Eh, The HRE idea was born more out of me an a friend compiling a list of possible civs not yet in the game rather than civs that needed to be added. Portugal also came up I believe.

Thrace was one I hadn't considered, but it could work. I guess for me it's also about what fits the theme of a civilisation that 'stands the test of time', but then I'm generally too strict. I still give the Celts funny looks in the menu screen.

Turgon9357
2013-03-18, 03:10 PM
I'd like to see more out of Africa. The Kingdom of Kush would be a cool addition, as they tend to get neglected in other history-based games (as far as I know, anyway).

I really hope that the changes to diplomacy work out well. It always strikes me as odd that a kingdom I have counter-attacked and nearly destroyed but am prepared to spare thinks they can extort me for all of my luxury resources in order to establish peace.

Fargazer
2013-03-18, 04:23 PM
Word on the street is that Assyria is one of those nine civilizations.

Really, at this point its virtually a given, judging from that one screenshot.

Terraoblivion
2013-03-18, 05:31 PM
I kinda hope they'll go at least somewhat off the beaten path. I especially hope they throw Central Asia a bone. The place was so important as the source of immigration, empires and trade for so long, yet the closest they ever get to it are Persia and Mongolia. Why not the Timurids or the major centers of trade there?

Vietnam seems like a sensible thing to add at some point, as well as something from Malaysia or Indonesia. Lots of big things down there too, as well as smaller things that are still as big as a lot of the smaller picks they already have.

Starsign
2013-03-18, 05:48 PM
Definitely excited here about the new gameplay changes for Diplomacy. As for new civilizations... I'm in a Humanities class atm that's taken focus on the history of the Western world. To be honest, I'd really like to see the Abbasid dynasty as a new one for Civ V.

Aside from that, I would also like to see something from Africa. I kinda wish for a Canadian or Inuit civilization too, but somehow I doubt those will be there.

Closet_Skeleton
2013-03-18, 06:03 PM
I kinda hope they'll go at least somewhat off the beaten path. I especially hope they throw Central Asia a bone. The place was so important as the source of immigration, empires and trade for so long, yet the closest they ever get to it are Persia and Mongolia. Why not the Timurids or the major centers of trade there?

Timurids aren't a civilisation, they're a dynasty. A Mongol dynasty too, if you want to separate central Asia from the Mongols you have to go before the 13th century or the short period before Russian domination. You also have the whole 'another horse archer civilisation' problem.

Parthians have the problem of essentially just being Persia, but Ottomans, Greeks, Byzantines and any possible Hittites have that geographical problem too.

Yuezhi/Kushan Empire are too obscure and only known from Chinese and other Asian sources.

Arians are mostly associated with India and Persia and their central asian days are obscure.
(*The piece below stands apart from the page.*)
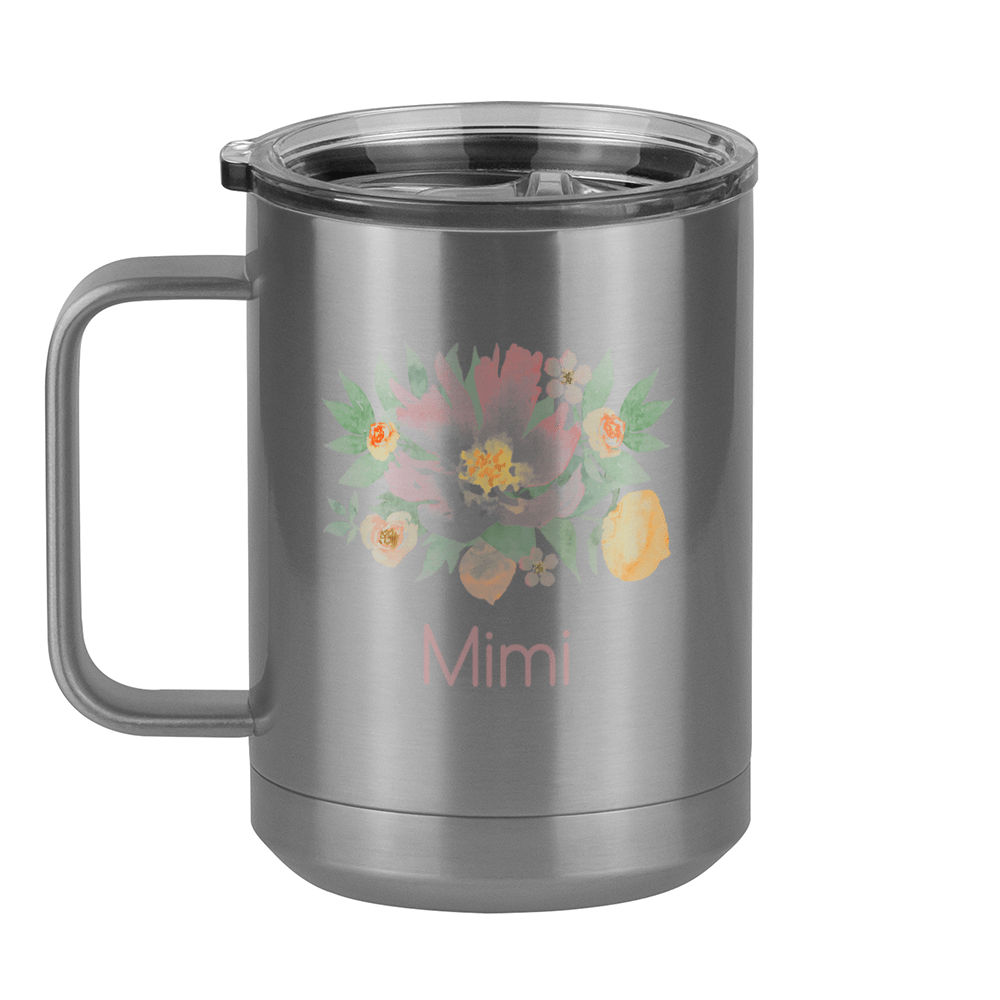 Personalized Flowers Coffee Mug Tumbler with Handle (15 oz) - Mimi - Left View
The Scythians kind of vanished.

Bactria would feel a bit generic compared to the more country based civs.

A generic Turk civilisation wouldn't please everyone but I'd be able to cope with it.


Vietnam seems like a sensible thing to add at some point, as well as something from Malaysia or Indonesia. Lots of big things down there too, as well as smaller things that are still as big as a lot of the smaller picks they already have.

Vietnam would be cool, but then they'd really have to just give everyone war elephants already. Another war elephant unique unit would be silly.


To be honest, I'd really like to see the Abbasid dynasty as a new one for Civ V.

Dynasty based civ ideas annoy me the most for some reason. They're okay in scenarios or for the Ottomans, but the Abbasids were not a culture or a people like the Ottomans were. Just play Babylon or Arabs and rename your capital to Baghdad.

Terraoblivion
2013-03-18, 07:15 PM
Timurids aren't a civilisation, they're a dynasty. A Mongol dynasty too, if you want to separate central Asia from the Mongols you have to go before the 13th century or the short period before Russian domination. You also have the whole 'another horse archer civilisation' problem.

A generic Turk civilisation wouldn't please everyone but I'd be able to cope with it.

The Timurid dynasty was a Turkic dynasty, though, ruling in the Turkic parts of Central Asia. The very Turkic founder of the Mughal Empire was a part of it as well. Avoiding being another plain horse archer civ could be handled by making Ulugh Beg the ruler and giving them a science oriented power. A unique building reflecting the trade significance of the region would help distinguish them further. And going with a dynasty rather than a civilization, I find the distinction pretty uninteresting, especially given how Northern European Christians speaking Germanic languages are already vastly overrepresented despite being far less diverse than some of the civilizations already there. Besides, the Timurids were a dynasty ruling a pretty defined, well-known and distinct civilization that has no representation yet.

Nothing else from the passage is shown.